Students continue to cross against red on Cootes Drive near campusBy Meredith Macleod, The Hamilton Spectator (Mar 4, 2006)
As a group of city, police and university officials met yesterday to figure out how to make the Cootes Drive crossing into McMaster safer for pedestrians and cyclists, a fire truck blared its horn at a young woman who appeared about to step into its path at that very spot.
It was a frightening reminder of the accident that took 19-year-old Heather Watson's life just 19 days ago. The arts and science student was killed by a City of Hamilton truck as she walked home from school. Witnesses have said Watson was wearing headphones and that the truck honked before it hit her.
The accident is still under investigation.
An as-yet-unnamed committee is being formed to address pedestrian safety all around the campus. Called together by Ward 1 Councillor Brian McHattie, it met yesterday afternoon and has compiled close to 20 suggestions -- including lowering the speed limit, increased signage and peer safety education.
The first priority is Cootes Drive but Randy Kay, a volunteer with Transportation for Liveable Communities (TLC), says recent upgrades to the Main Street entrances to the campus are "an unmitigated disaster. Someone is going to get hit there too. It's just a matter of time."
TLC, which took part in yesterday's meeting, is calling for "traffic calming" measures on Main and Cootes. That could include fewer, narrower lanes, flashing amber lights, eliminating the ramp from Main onto Cootes and squaring up the intersection, says Kay.
He says the entire campus area has been built to best accommodate cars, even though it has the highest concentration of pedestrians in the city.
"There needs to be real, drastic changes there."
Yesterday, as a pile of frozen flowers rested by the road in tribute to Watson, a female student riding a bike and wearing large headphones crossed two lanes of traffic against the pedestrian light heading to campus from Sanders Boulevard when the fire truck blared its warning.
During a couple of hours of observation at the site where an estimated six people on foot and 18 cars cross paths each minute, about one-third of pedestrians crossed against the light.

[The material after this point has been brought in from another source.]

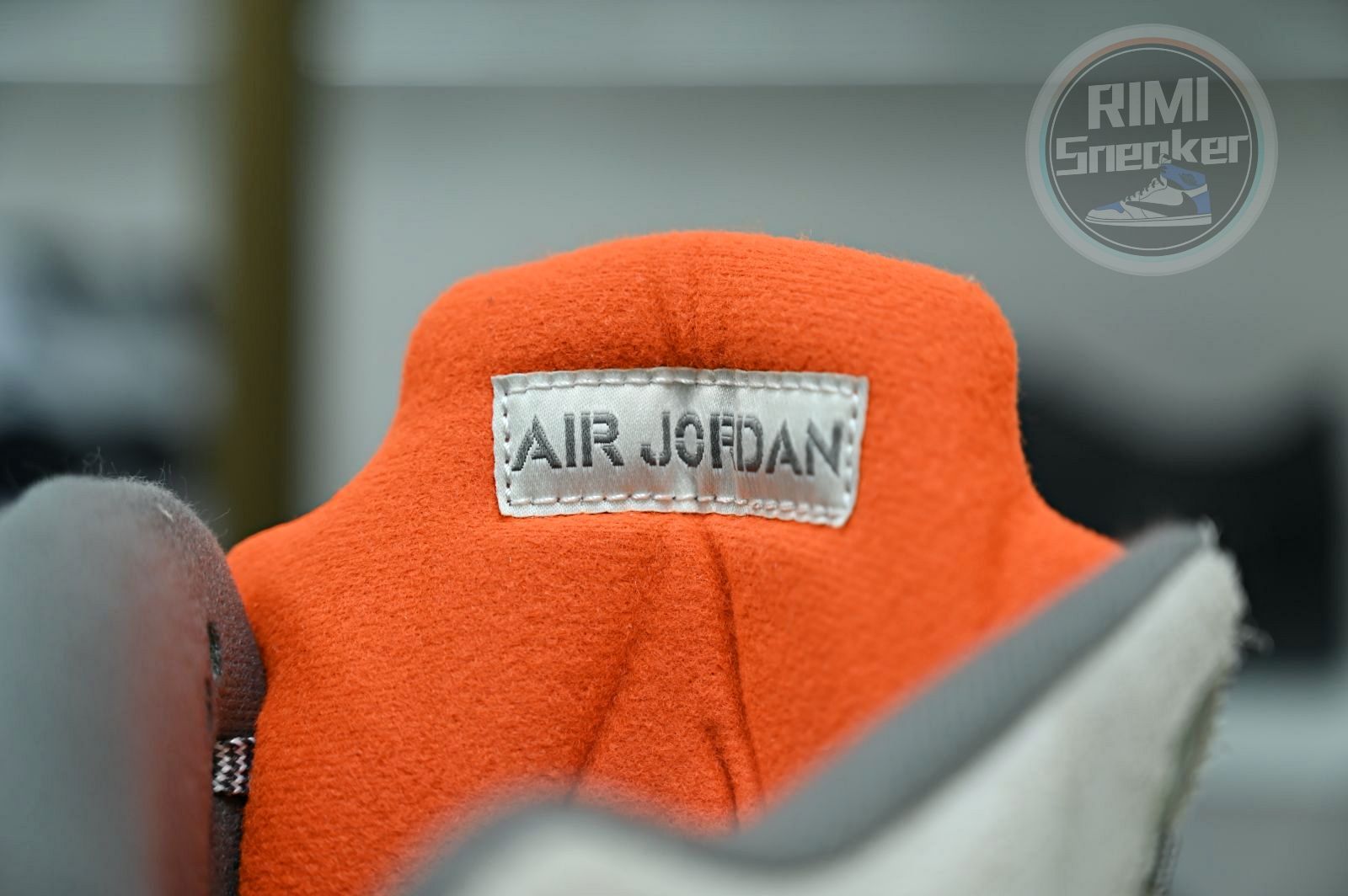 Jordan 5 Retro SE Craft Light Orewood Brown FD9222-180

That light was installed last year after a safety study determined speed and volume made it necessary.
Many pedestrians pushed the button to get the light to change but were too impatient to wait for it. They preferred to dash across during gaps in traffic. It's a dangerous dash.
It didn't take a radar gun to see that many vehicles were well above the 60 km/h permitted in the area.

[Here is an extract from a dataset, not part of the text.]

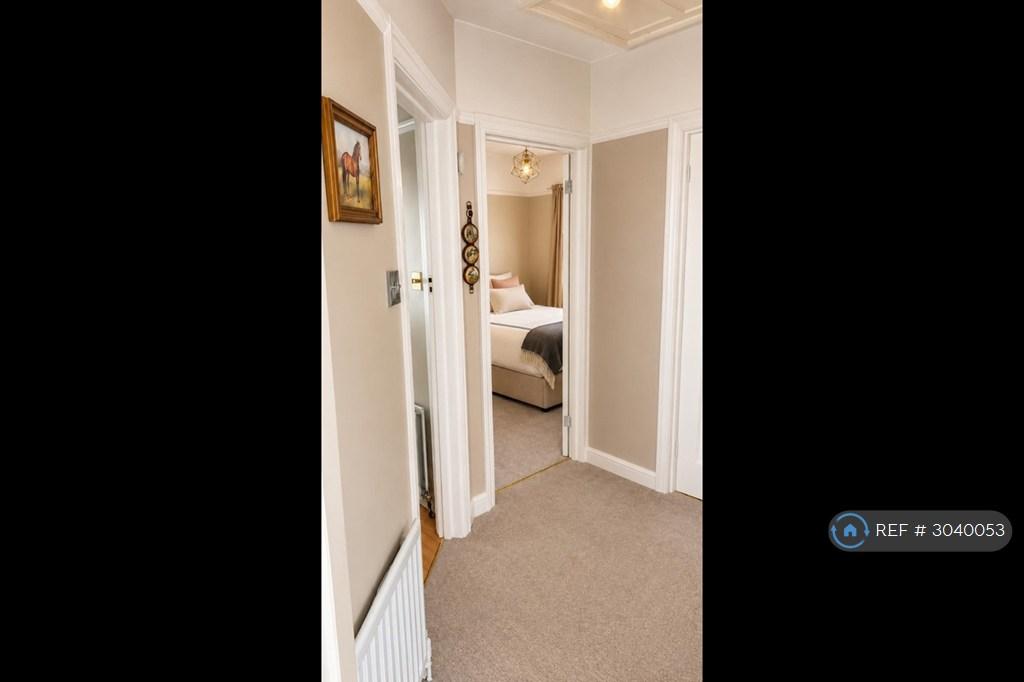 House in Orpington - More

It may seem that the fatal accident has had little effect on drivers and pedestrians, but several students said they have changed their ways.

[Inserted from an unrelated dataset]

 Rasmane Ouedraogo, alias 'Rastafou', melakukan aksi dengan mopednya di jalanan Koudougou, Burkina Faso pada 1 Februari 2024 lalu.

Student Sherise Johnson no longer uses both earplugs on her MP3 player.
"The accident scared me."
Jimmy Sekhou, in his fourth year of commerce, says many students simply ignore the light but that Watson's death has made him more cautious.
He says the speed limit in the area should be reduced, especially coming out of Dundas.
"It's an open road all the way down there."
City staff will examine speeds on Cootes in the next couple of months to see if there continues to be a problem since the pedestrian light was installed.